Input data.

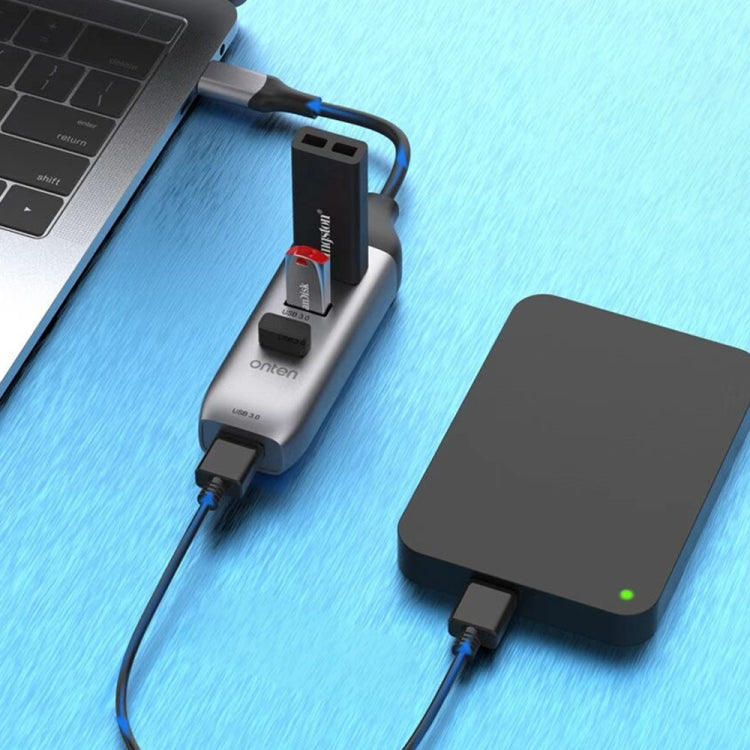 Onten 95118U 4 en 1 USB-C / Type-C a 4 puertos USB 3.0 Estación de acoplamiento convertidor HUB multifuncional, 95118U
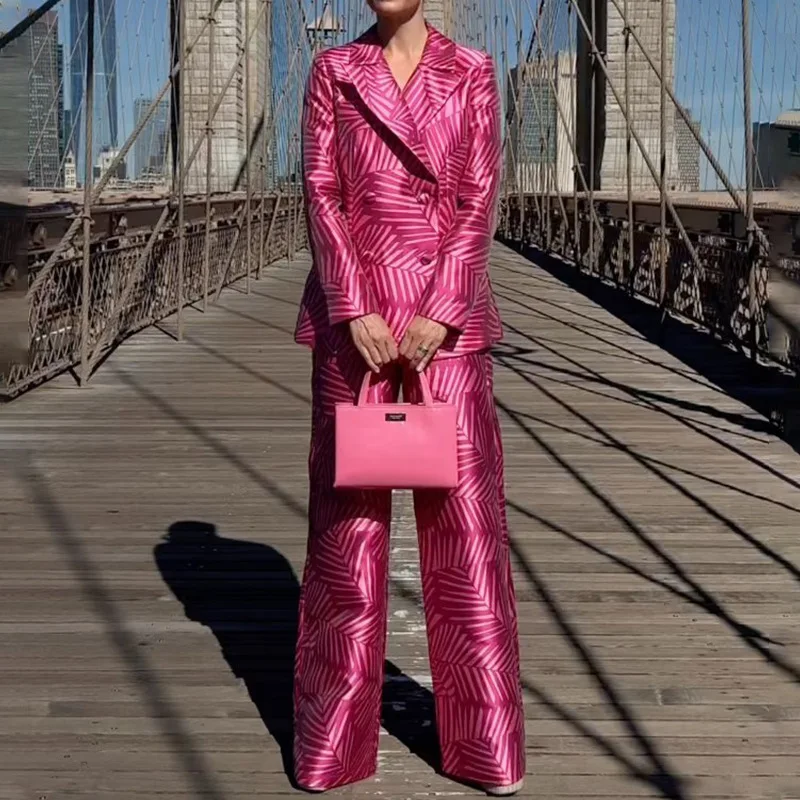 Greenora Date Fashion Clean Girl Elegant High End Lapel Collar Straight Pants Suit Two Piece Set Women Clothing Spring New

---

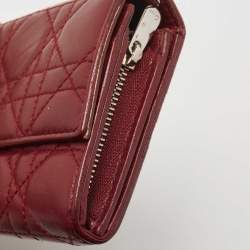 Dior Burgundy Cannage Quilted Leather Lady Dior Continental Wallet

...

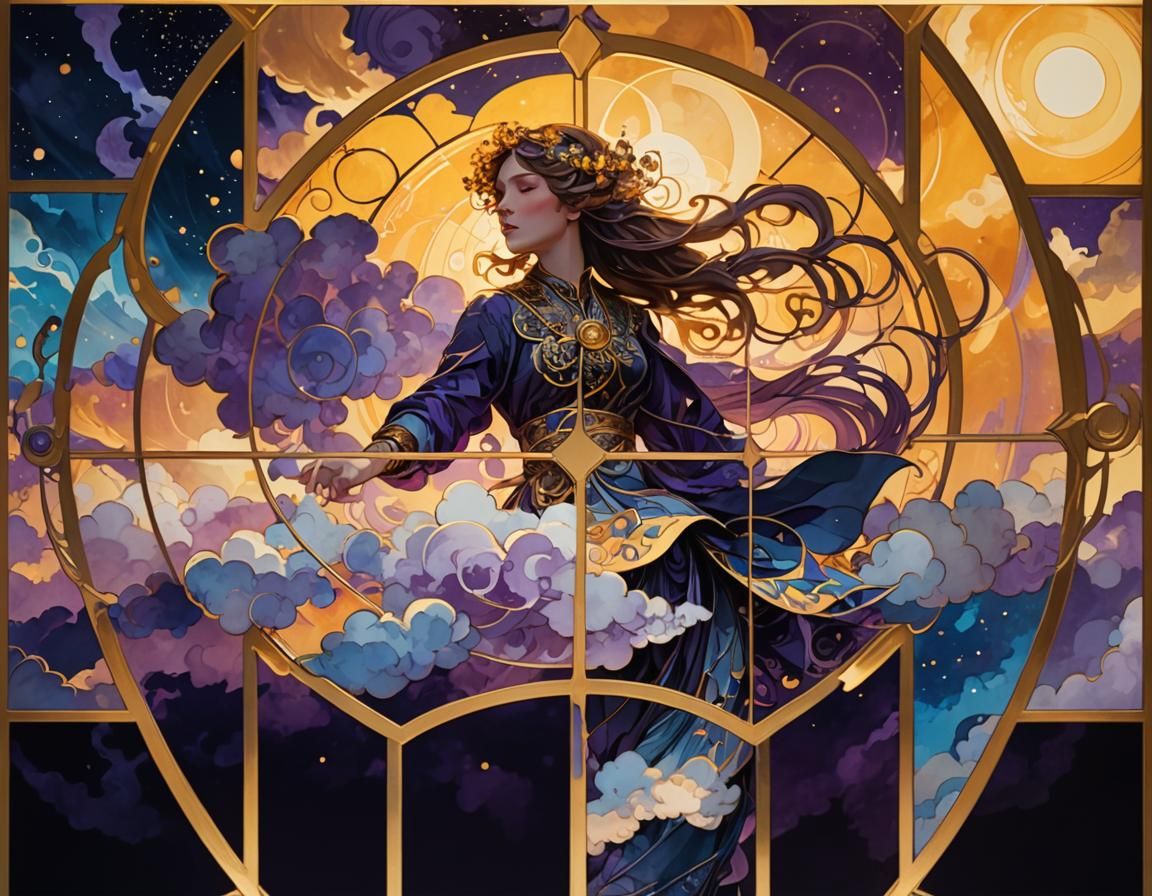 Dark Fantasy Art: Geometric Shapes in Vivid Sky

Required work.
All that should appear in the answer is the lines above from the line with "Onten 95118U 4" through the line with "Greenora Date Fashion", retyped exactly, pictures left out.

Your solution.
 Onten 95118U 4 en 1 USB-C / Type-C a 4 puertos USB 3.0 Estación de acoplamiento convertidor HUB multifuncional, 95118U
 Greenora Date Fashion Clean Girl Elegant High End Lapel Collar Straight Pants Suit Two Piece Set Women Clothing Spring New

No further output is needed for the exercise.